Abfalltrennung, Rückgewinnung und Recycling werden im neuen nationalen Abfallbewirtschaftungsplan groß geschrieben. Das eröffnet Technologieanbietern und Know-how-Dienstleistern Geschäftschancen. Rund 830 Millionen Euro des EU-Partnerschaftsabkommens der Förderperiode 2014 bis 2020 sollen in die griechische Abfallwirtschaft fließen.

Davon sind 650 Millionen Euro für die Siedlungsabfall-Behandlung vorgesehen. Ein Teil wurde hier der Fertigstellung von Projekten der Förderperiode 2007 bis 2013 zugesprochen. Die unterbreiteten Vorschläge für die Abfallbewirtschaftung der Regionen Attika, Epirus, Thessalien, Zentralmakedonien und Südägäis liegen bereits bei 1,5 Milliarden Euro. Das zuständige griechische Ministerium für Umwelt und Energie ist Projekten in Form von Public-private-Partnerships (PPP) gegenüber grundsätzlich aufgeschlossen. Mit dem Rechtsakt Nummer 49 des Ministerrates vom 15. Dezember 2015 wurde der neue Nationale Abfallbewirtschaftungsplan (2015 bis 2020) verabschiedet.

Nach Angaben des Umweltministeriums soll der Abfallbewirtschaftungsplan bis zum Jahr 2020 bis zu 16.000 neue Arbeitsplätze schaffen. Dabei hatte die Ausarbeitung des Plans zu heftigen Kontroversen geführt. Ein Grund dafür ist die Aussetzung von Abfallgroßprojekten, die kurz vor dem Abschluss standen. Die niedrigen Recyclingraten durch hohen Anfall gemischter Siedlungsabfälle waren hier ausschlaggebend. Weitere kritische Punkte waren das vom Staat garantierte Mindestabfallaufkommen und die Preise, die von den Gemeinden zu zahlen sind, wenn sie den Abfall zur Anlage bringen.

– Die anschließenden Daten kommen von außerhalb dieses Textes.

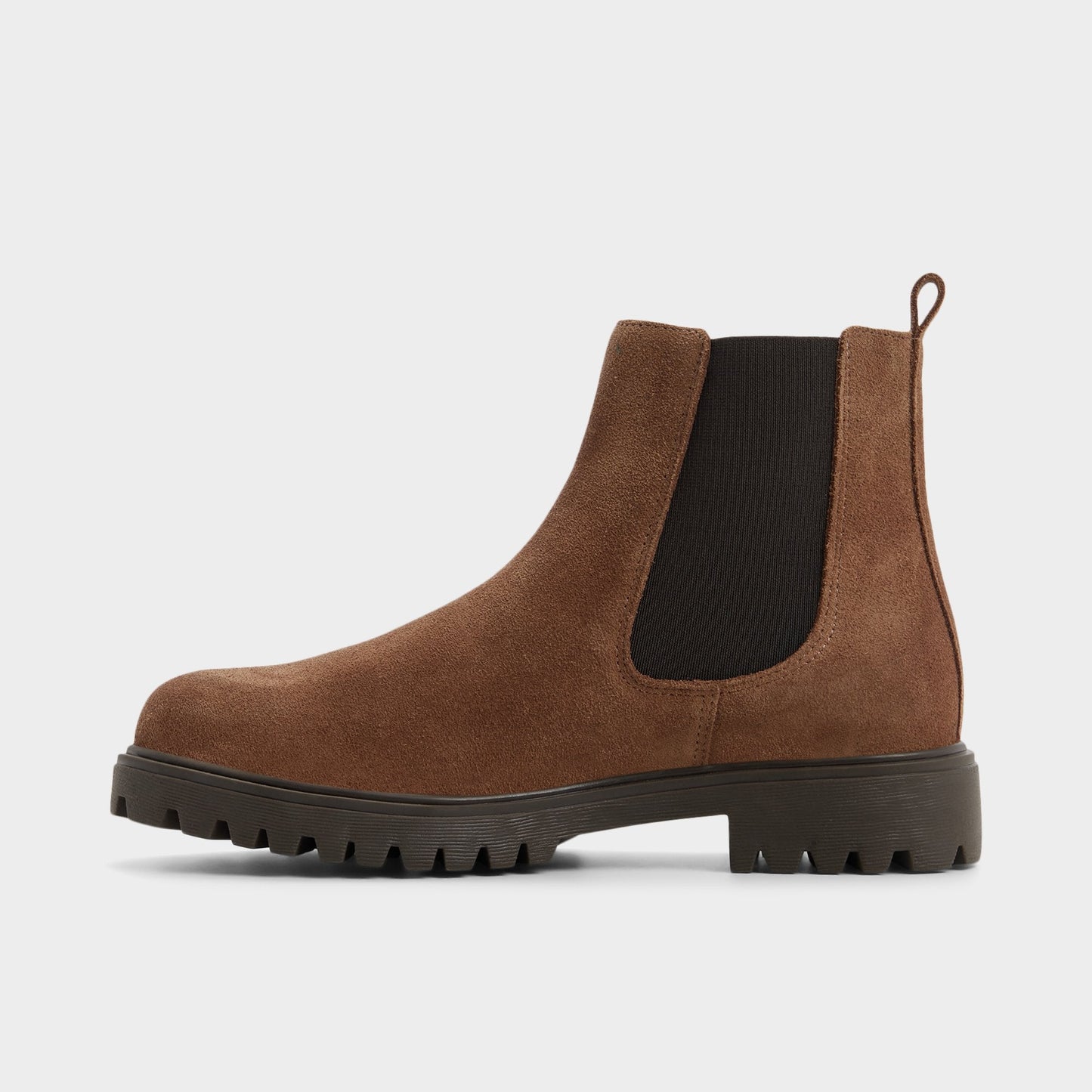 Adalitlan in Taupe - Chelsea boot, Lug sole - Taupe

Vertragsreif und in der Bauphase

Der neue Plan setzt auf kleinere, dezentrale Abfallbehandlungsanlagen, die auf den Abfallbewirtschaftungsplänen der Regionen basieren und durch die Pläne der Gemeinden ergänzt werden. Von den zwischen 2010 und 2012 ausgeschriebenen und vergebenen integrierten Abfallmanagementanlagen befindet sich bisher nur eine Anlage in Westmakedonien in der Bauphase. Vertragsreif sind außerdem die Projekte von Ilia, Epirus und Zentralmakedonien. Problematisch gestaltet sich die Realisierung des Vorhabens auf dem Peloponnes. Trotz Vertragsänderung – so wurde zum Beispiel die garantierte Abfallmenge pro Jahr von 150.000 auf 100.000 Tonnen verringert – wehren sich die lokalen Entscheidungsträger der öffentlichen Verwaltung gegen dieses Projekt.

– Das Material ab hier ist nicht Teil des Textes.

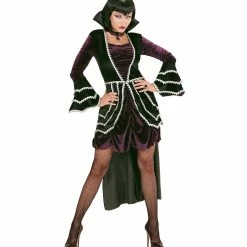 Widmann Gothic Vamp Costume Ladies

Fortan soll aber neben der Abfallvermeidung auf die Abfalltrennung an der Quelle und auf die Rückgewinnung von Siedlungsabfällen – 74 Prozent bis 2020 – gesetzt werden. Glas, Papier, Metalle und Kunststoffe als Abfälle gilt es zu trennen und zu 65 Prozent (bezogen auf das Gesamtgewicht der Stoffströme) zu recyceln. Der Deponierungsanteil soll auf 26 Prozent reduziert werden.

Unkontrollierte Deponien sind das Problem

Eurostat zufolge fielen 2013 in Griechenland 509 Kilogramm Siedlungsabfälle pro Kopf an. Damit liegt das Land über dem Durchschnitt der Europäischen Union (EU28) von 477 Kilogramm. Deutlich unter dem EU-Mittel blieb mit 16 Prozent der Recyclinganteil zurück.

Über 80 Prozent des Gesamtabfallaufkommens 2012 (72,3 Millionen Tonnen) landeten auf Deponien und lediglich 3,7 Prozent der Bioabfälle wurden kompostiert. Fast die Hälfte des Abfallaufkommens in 2011 entfiel auf Industrieabfälle. Der Anteil der landwirtschaftlichen Abfälle lag bei 30, der Siedlungsabfälle bei 16 und Bauschutt bei vier Prozent. Zu den größten Problemen der griechischen Entsorgungswirtschaft gehören die unkontrollierten Deponien sowie die Müllhalden, deren Betriebszeit abgelaufen ist. Im Jahr 2015 zahlte Hellas Strafgelder in Höhe von 29,5 Millionen Euro für 46 unkontrollierte aktive Mülldeponien und für 136 geschlossene, aber nicht sanierte Deponien. Dieses Problem soll schrittweise bis 2020 behoben werden.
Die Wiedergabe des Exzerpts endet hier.